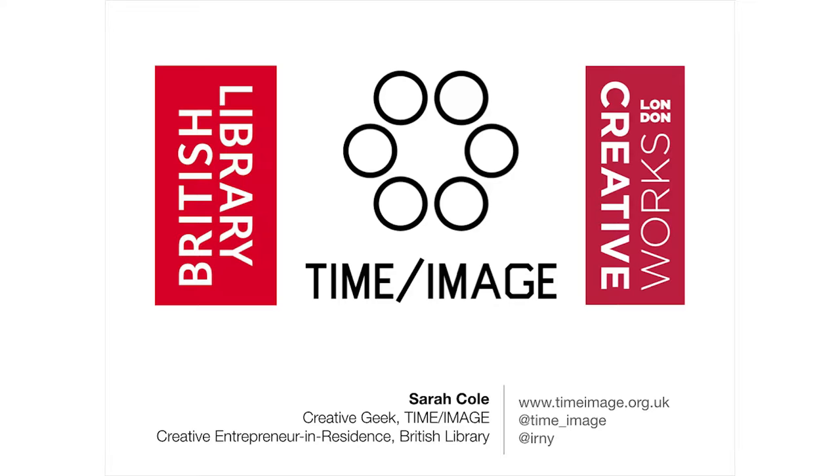Poetic Places is a project that has been funded by Creative Works London. They were AHRC funded and came to the end of their funding earlier this year. I was funded under their Creative Entrepreneur in Residence Scheme — which is very worthy, as my father put it. Most of the time I'm creative geek at Time Image. I've been working in collaboration with the British Library, where I've been resident during this project.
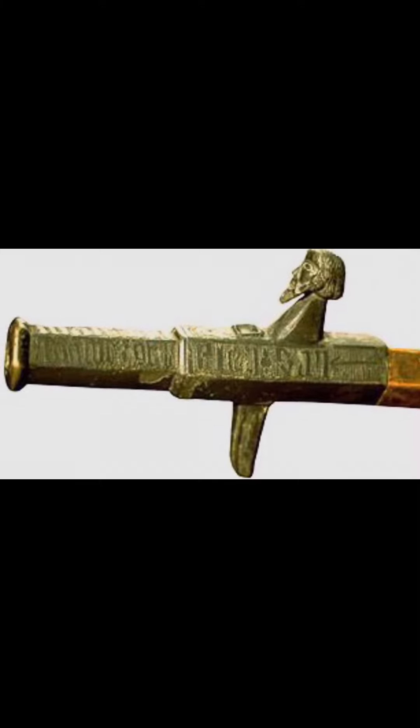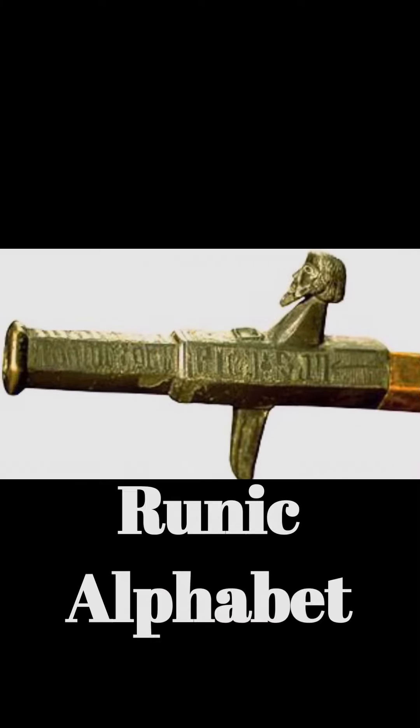This Kanonen, spelled K-A-N-O-N-E-N, was pulled out of the Baltic Ocean in 1828. This ancient firearm is made of cast bronze, and the symbols on the barrel are from the runic alphabet.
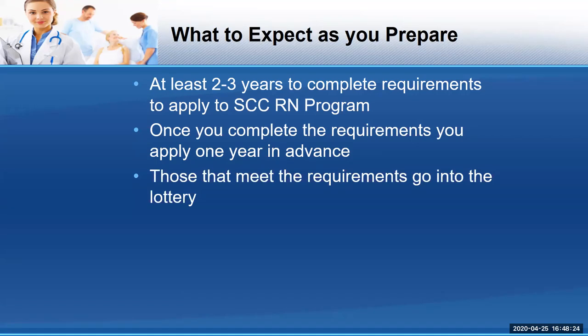You meet all the requirements, you go into the lottery. Solano has space for 48 students once per year. So of course, we encourage you to not only consider our program, but also consider some of the other community college programs, as well as the California State Universities, the private schools — keep all of your options open.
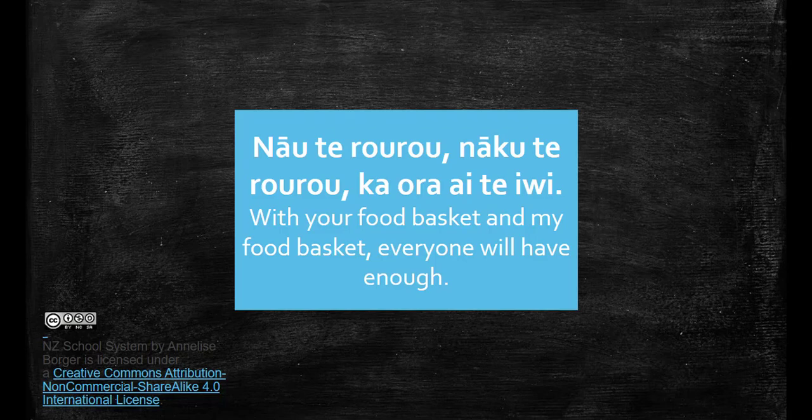I hope that this video has been a helpful overview of the New Zealand school system. I have also attached a number of links in the description to websites for further reading. If you have any questions or comments, feel free to put them in the comments section below.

══════════════════════════════

EXERCISE DESCRIPTION ::
Type out the data above again exactly as written, minus the images.

RESPONSE ::
Poetic Places is a project that has been funded by Creative Works London. They were AHRC funded and came to the end of their funding earlier this year. I was funded under their Creative Entrepreneur in Residence Scheme — which is very worthy, as my father put it. Most of the time I'm creative geek at Time Image. I've been working in collaboration with the British Library, where I've been resident during this project.
This Kanonen, spelled K-A-N-O-N-E-N, was pulled out of the Baltic Ocean in 1828. This ancient firearm is made of cast bronze, and the symbols on the barrel are from the runic alphabet.
You meet all the requirements, you go into the lottery. Solano has space for 48 students once per year. So of course, we encourage you to not only consider our program, but also consider some of the other community college programs, as well as the California State Universities, the private schools — keep all of your options open.
I hope that this video has been a helpful overview of the New Zealand school system. I have also attached a number of links in the description to websites for further reading. If you have any questions or comments, feel free to put them in the comments section below.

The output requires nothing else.